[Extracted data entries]
========================================================================
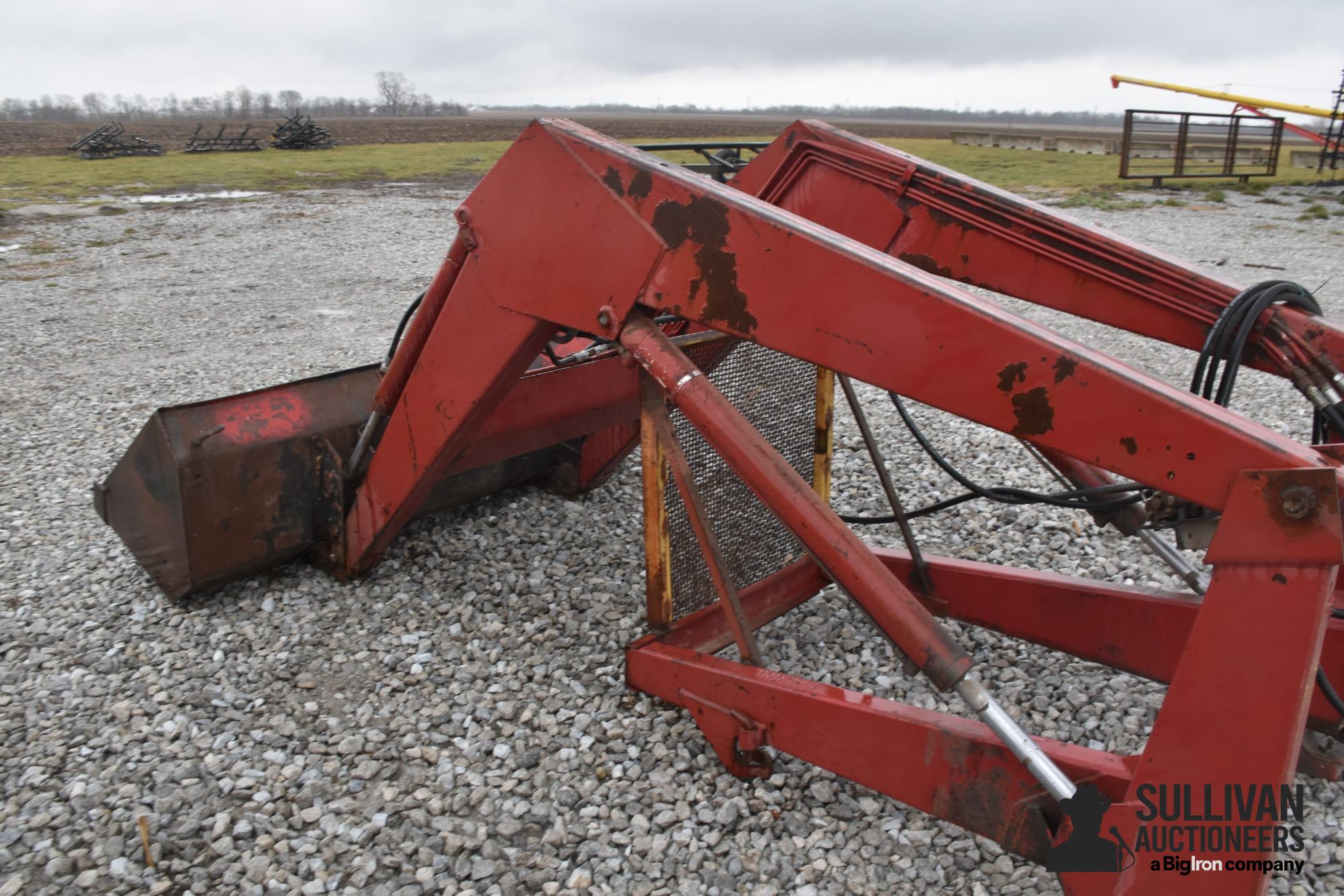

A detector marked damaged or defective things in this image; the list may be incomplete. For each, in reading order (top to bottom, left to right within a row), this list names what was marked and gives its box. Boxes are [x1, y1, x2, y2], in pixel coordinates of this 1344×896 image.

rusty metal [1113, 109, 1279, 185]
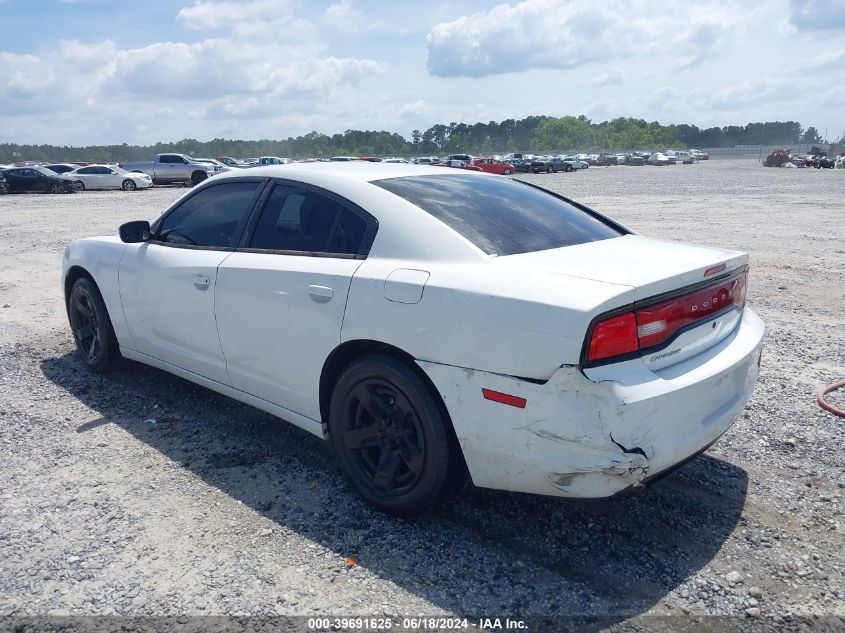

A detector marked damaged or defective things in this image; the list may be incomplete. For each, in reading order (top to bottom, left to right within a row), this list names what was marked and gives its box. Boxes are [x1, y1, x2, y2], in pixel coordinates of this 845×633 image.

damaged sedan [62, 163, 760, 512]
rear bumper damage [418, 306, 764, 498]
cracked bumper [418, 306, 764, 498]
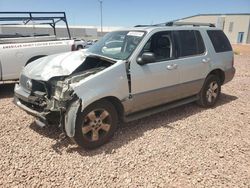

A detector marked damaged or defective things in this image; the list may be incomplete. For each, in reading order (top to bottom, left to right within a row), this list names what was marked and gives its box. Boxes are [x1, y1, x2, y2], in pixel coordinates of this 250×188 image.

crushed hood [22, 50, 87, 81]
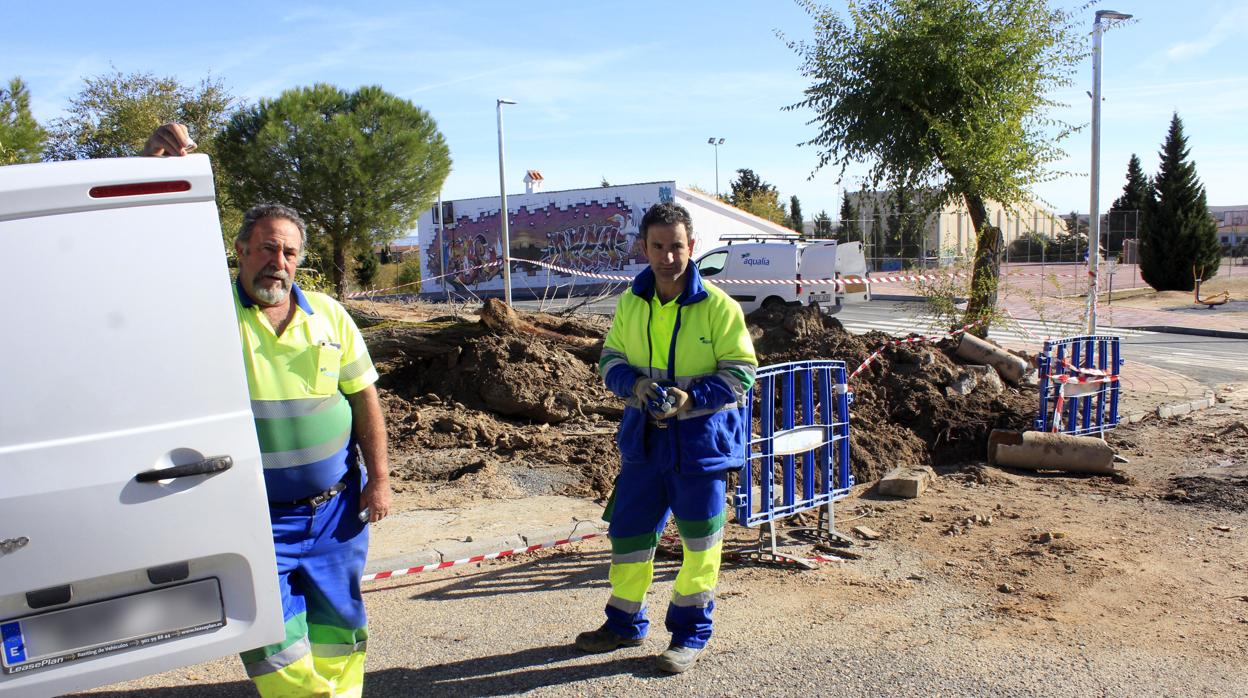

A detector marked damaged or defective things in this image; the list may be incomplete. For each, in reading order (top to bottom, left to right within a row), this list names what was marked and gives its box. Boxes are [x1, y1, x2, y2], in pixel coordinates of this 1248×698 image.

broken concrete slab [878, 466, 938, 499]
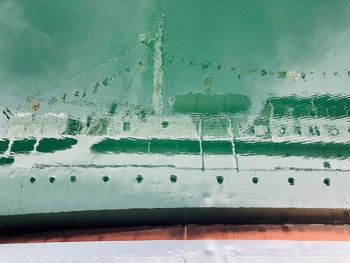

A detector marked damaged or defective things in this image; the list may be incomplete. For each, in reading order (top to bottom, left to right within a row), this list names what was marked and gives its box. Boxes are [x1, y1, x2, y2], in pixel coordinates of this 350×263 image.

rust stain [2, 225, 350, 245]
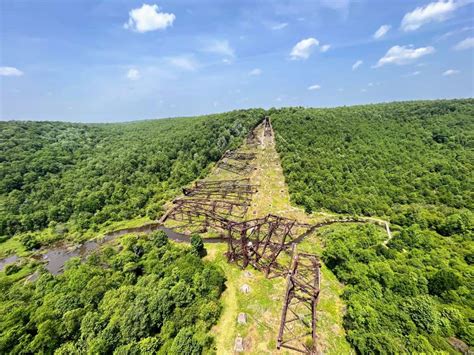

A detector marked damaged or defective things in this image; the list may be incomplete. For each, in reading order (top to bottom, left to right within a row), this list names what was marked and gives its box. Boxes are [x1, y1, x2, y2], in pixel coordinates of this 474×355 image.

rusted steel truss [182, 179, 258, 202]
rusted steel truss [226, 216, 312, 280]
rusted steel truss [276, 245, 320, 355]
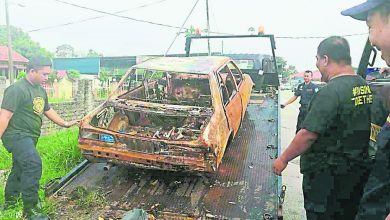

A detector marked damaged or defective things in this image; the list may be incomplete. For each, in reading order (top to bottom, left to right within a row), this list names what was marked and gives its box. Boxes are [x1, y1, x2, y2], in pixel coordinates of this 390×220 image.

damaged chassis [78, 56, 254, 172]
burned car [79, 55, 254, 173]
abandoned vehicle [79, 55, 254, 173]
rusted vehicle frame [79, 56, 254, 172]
========================================================================
◆ Try it
Could you set down every record above exactly as written, leaving out the pictures?

◆ Response to the exercise
A detector marked damaged or defective things in this image; the list may be incomplete. For each, in reading order (top to bottom, left to right within a row), this list names what was marked and gives its box. Boxes are [x1, y1, x2, y2], in pixel coordinates of this 1344×896 image.

rusty metal [1113, 109, 1279, 185]

A detector marked damaged or defective things in this image; the list may be incomplete. For each, in reading order (top to bottom, left to right within a row), this list names what was marked and gives its box. Boxes are [x1, y1, x2, y2], in pixel coordinates of this 845×633 image.

damaged sedan [62, 163, 760, 512]
rear bumper damage [418, 306, 764, 498]
cracked bumper [418, 306, 764, 498]

A detector marked damaged or defective things in this image; the list may be incomplete. For each, in reading order (top to bottom, left to right within a row), this list names what was marked and gives its box. Boxes are [x1, y1, x2, y2], in pixel coordinates of this 250×188 image.

crushed hood [22, 50, 87, 81]

A detector marked damaged or defective things in this image; the list may be incomplete. For each, in reading order (top to bottom, left to right within a row), this list names what was marked and gives its box. Boxes are [x1, y1, x2, y2], in pixel coordinates of this 1248×698 image.

broken concrete slab [878, 466, 938, 499]

A detector marked damaged or defective things in this image; the list may be incomplete. For each, in reading order (top to bottom, left to right within a row), this list names what was marked and gives its box. Boxes are [x1, y1, x2, y2], in pixel coordinates of this 350×263 image.

rust stain [2, 225, 350, 245]

A detector marked damaged or defective things in this image; the list may be incomplete. For each, in reading order (top to bottom, left to right within a row), this list names what was marked and gives its box. Boxes are [x1, y1, x2, y2], in pixel coordinates of this 474×355 image.

rusted steel truss [182, 179, 258, 202]
rusted steel truss [226, 216, 312, 280]
rusted steel truss [276, 245, 320, 355]

A detector marked damaged or defective things in this image; the list may be incomplete. For each, in reading order (top to bottom, left to right within a row), this list names what was marked and gives its box. Boxes are [x1, y1, x2, y2], in pixel coordinates of this 390×220 image.

damaged chassis [78, 56, 254, 172]
burned car [79, 55, 254, 173]
abandoned vehicle [79, 55, 254, 173]
rusted vehicle frame [79, 56, 254, 172]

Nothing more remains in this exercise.